During setting, and as tension increases through the tool, an end of the cone 336, such as second end 340, may compress against the slip (see FIG. 2C). As a result of conical surface 337, the cone 336 may move to the underside beneath the slip, forcing the slip outward and into engagement with the surrounding tubular (see FIG. 2A). A first end 338 of the cone 336 may be configured with a cone profile 351. The cone profile 351 may be configured to mate with the seal element (222, FIG. 2C). In an embodiment, the cone profile 351 may be configured to mate with a corresponding profile 327A of the seal element (see FIG. 4A). The cone profile 351 may help restrict the seal element from rolling over or under the cone 336.

Referring now to FIGS. 9A and 9B, an isometric view, and a longitudinal cross-sectional view, respectively, of a lower sleeve 360 (and its subcomponents) usable with a downhole tool in accordance with embodiments disclosed herein, are shown. During setting, the lower sleeve 360 will be pulled as a result of its attachment to the mandrel 214. As shown in FIGS. 9A and 9B together, the lower sleeve 360 may have one or more holes 381A that align with mandrel holes (281B, FIG. 2C). One or more anchor pins 311 may be disposed or securely positioned therein. In an embodiment, brass set screws may be used. Pins (or screws, etc.) 311 may prevent shearing or spin off during drilling.

As the lower sleeve 360 is pulled, the components disposed about mandrel between the may further compress against one another. The lower sleeve 360 may have one or more tapered surfaces 361, 361A which may reduce chances of hang up on other tools. The lower sleeve 360 may also have an angled sleeve end 363 in engagement with, for example, the first slip (234, FIG. 2C). As the lower sleeve 360 is pulled further, the end 363 presses against the slip. The lower sleeve 360 may be configured with an inner thread profile 362. In an embodiment, the profile 362 may include rounded threads.
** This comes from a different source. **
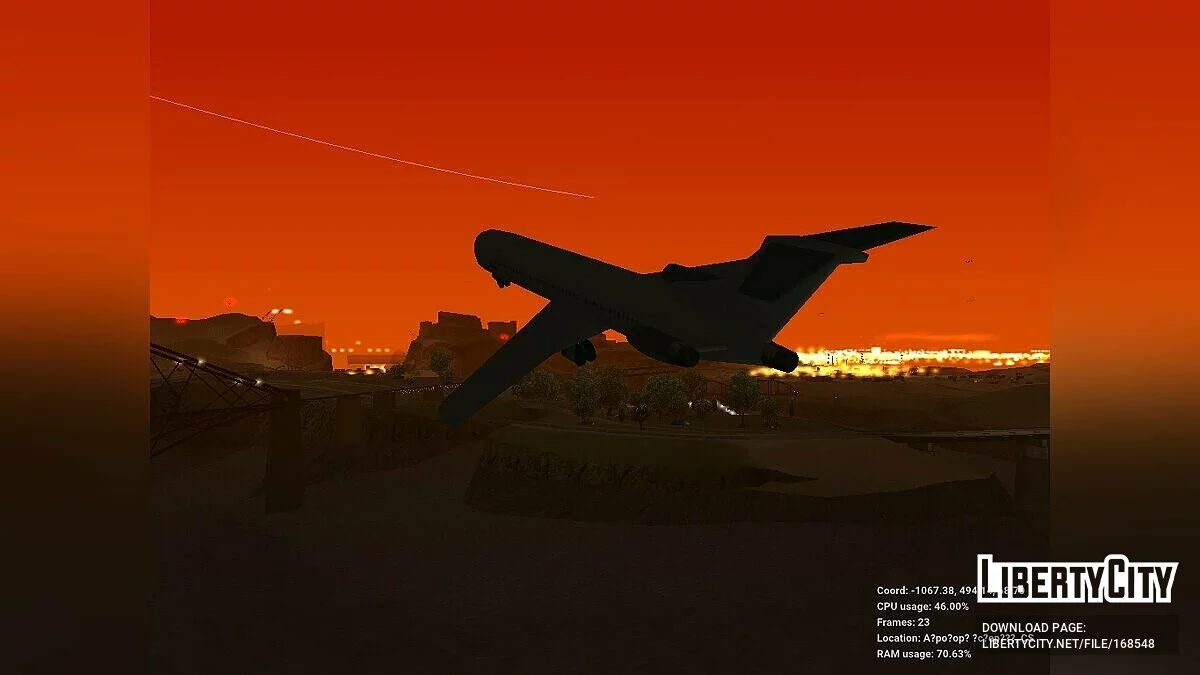 Avião voador como em GTA 3 ou GTA VC / GTA San Andreas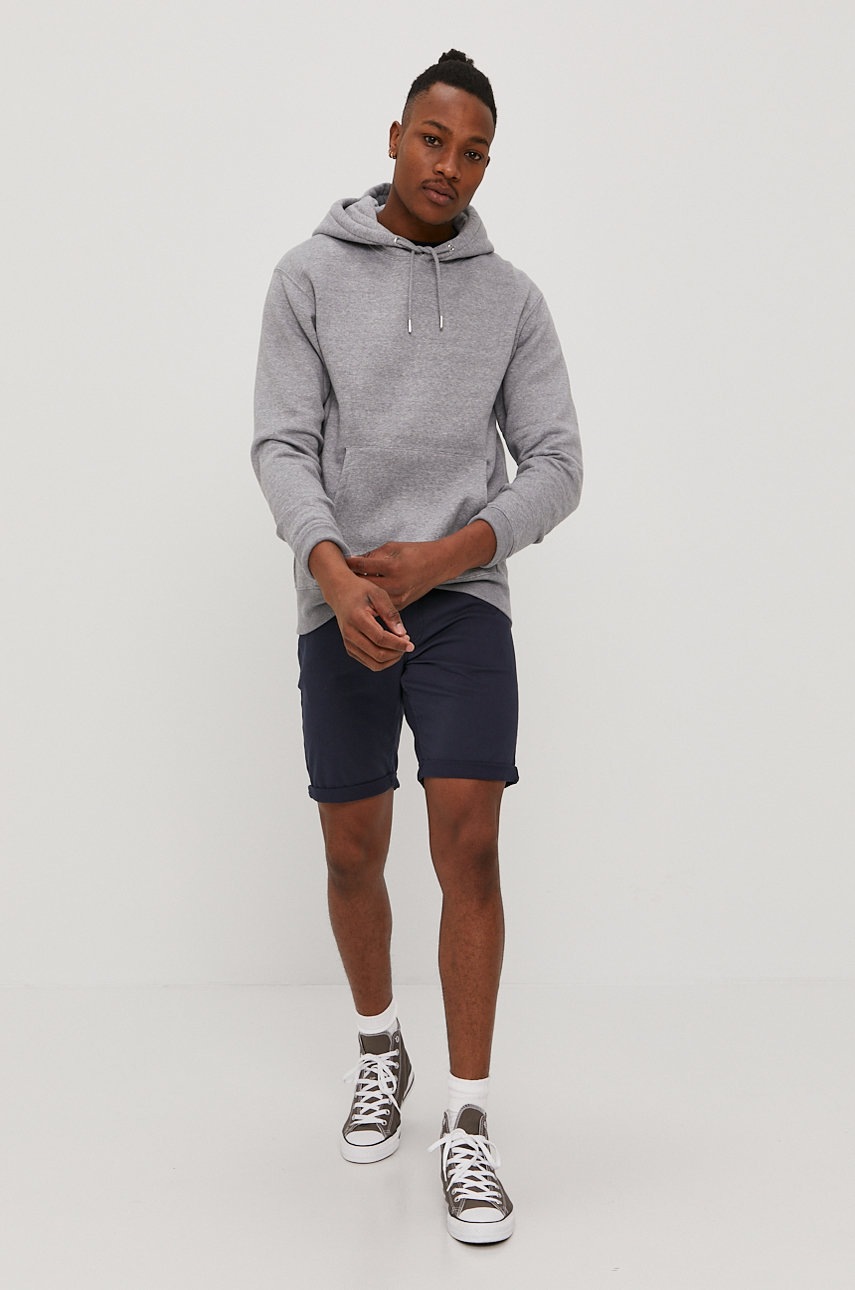 

Кофта Jack & Jones чоловіча колір сірий гладка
In another embodiment, the profile 362 may be configured for engagement and/or mating with the mandrel (214, FIG. 2C). Ball(s) 364 may be used. The ball(s) 364 may be for orientation or spacing with, for example, the slip 334. The ball(s) 364 and may also help maintain break symmetry of the slip 334. The ball(s) 364 may be, for example, brass or ceramic.

Referring briefly to FIGS. 9C-9E together, an isometric, lateral, and longitudinal cross-sectional view, respectively, of the lower sleeve 360 configured with stabilizer pin inserts, and usable with a downhole tool in accordance with embodiments disclosed herein, are shown. In addition to the ball(s) 364, the lower sleeve 360 may be configured with one or more stabilizer pins (or pin inserts) 364A.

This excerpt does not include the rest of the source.